Jakarta, aktual.com – Wakil Ketua Komisi X DPR-RI, Dede Yusuf meminta pemerintah daerah (Pemda) untuk meredam ego sektoral demi mensukseskan Kurikulum Merdeka. Dede menilai kesuksesan Kurikulum Merdeka akan bergantung pada kemauan pemkab/pemkot yang menangani SD dan SMP, maupun pemprov yang menangani SMA, SMK, dan SLB. Menurutnya, pemerintah pusat sekaligus pemerintah daerah harus saling berkolaborasi dalam sosialisasi dan implementasinya.
“Saya masih sering melihat ada dualisme kepentingan, seperti saat sosialisasi Kurikulum Merdeka di Bandung Barat yang membicarakan SMK juga, tetapi orang pemprov tidak hadir.
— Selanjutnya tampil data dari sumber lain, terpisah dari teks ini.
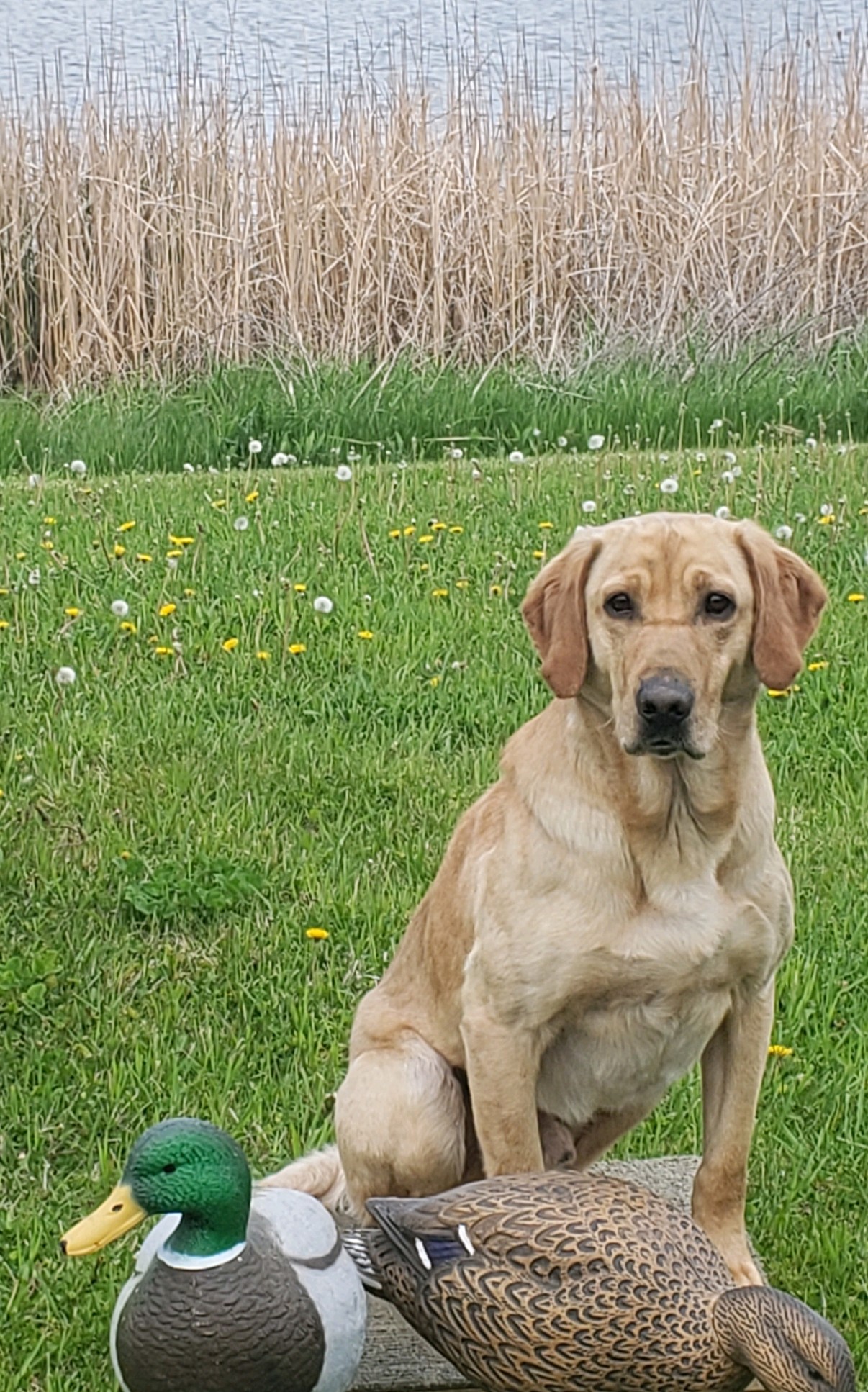 HR Southern Jamm's Stone Cold Trieven SH | Yellow Labrador Retriver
Padahal, kalau kegiatannya ada SMK, orang pemprov seharusnya ada. Sehingga pertanyaan-pertanyaan terkait SMK dan SMA terjawab oleh dinas provinsi,” tutur Dede dalam keterangan tertulis Senin (22/5) kemarin.
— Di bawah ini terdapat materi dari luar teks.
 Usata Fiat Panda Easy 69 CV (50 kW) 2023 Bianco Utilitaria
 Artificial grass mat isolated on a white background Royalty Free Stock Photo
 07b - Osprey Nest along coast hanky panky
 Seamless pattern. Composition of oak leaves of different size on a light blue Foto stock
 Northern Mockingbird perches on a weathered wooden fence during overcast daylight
Politisi Partai Demokrat itu juga menegaskan sinkronisasi antar dinas yang berada di bawah pemkab/pemkot maupun pemprov juga menjadi faktor yang sangat penting.
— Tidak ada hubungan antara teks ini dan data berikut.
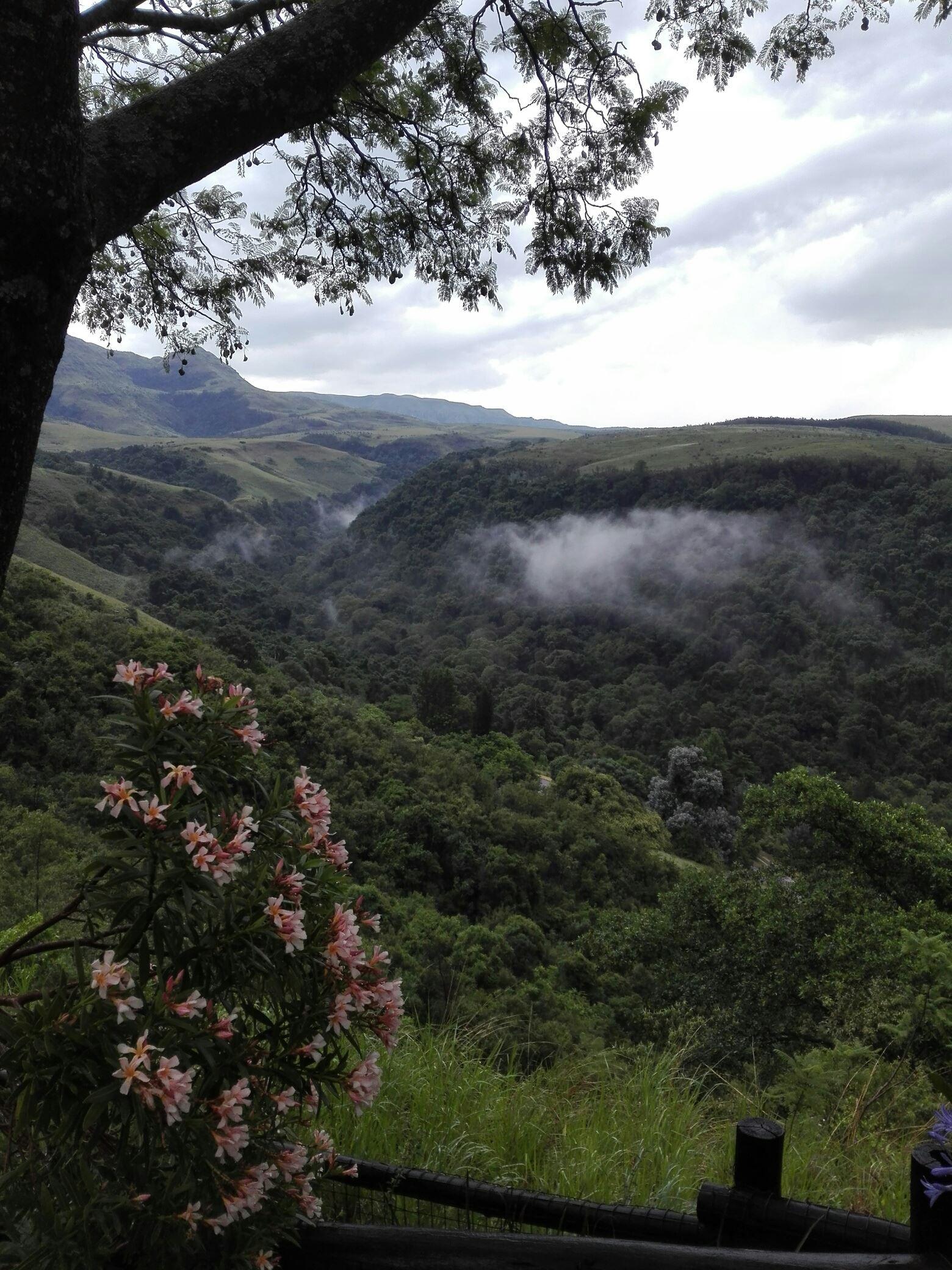 Misty Peaks | Bergview Accommodation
“Jika ada dualisme tanggung jawab, akan sulit berkoordinasi. Ada yang mengatakan domain saya SD dan SMP, domain saya SMA dan SMK, padahal seharusnya bisa saling komunikasi. Nah, yang kayak gini, tentu kami minta dukungan dari Kemendikbudristek untuk terus memberikan bimbingan pelatihan agar ada sinkronisasi antara dinas-dinas di daerah,” kata dia.
Seperti diketahui, Kemendikbudristek menghadirkan Kurikulum Merdeka pada 2022 dengan penyederhanaan dan peningkatan fokus pada pengembangan karakter peserta didik. Pelaksana Tugas Kepala Pusat Kurikulum dan Pembelajaran Kemendikbudristek, Zulfikri menyampaikan tujuan Kurikulum Merdeka adalah agar guru bisa fokus kepada muridnya, sehingga administrasi dibuat lebih sederhana. Dengan hadirnya kurikulum ini, ungkapnya, energi guru lebih difokuskan mengurusi anak lantaran administrasinya lebih disederhanakan.
“Ukuran keberhasilan bukan pada kelengkapan dokumen atau kepatuhan administrasi, tetapi pada seberapa jauh terjadi perubahan pada diri anak,” ucapnya.
Zulfikri pun menjelaskan para guru memiliki kemerdekaan untuk merancang sendiri sistem pembelajaran yang dianggap paling sesuai dengan potensi muridnya.
“Mendidik adalah memerdekakan anak secara lahir batin. Tidak hanya pengetahuan yang kita kejar, tetapi juga karakternya,” tutupnya.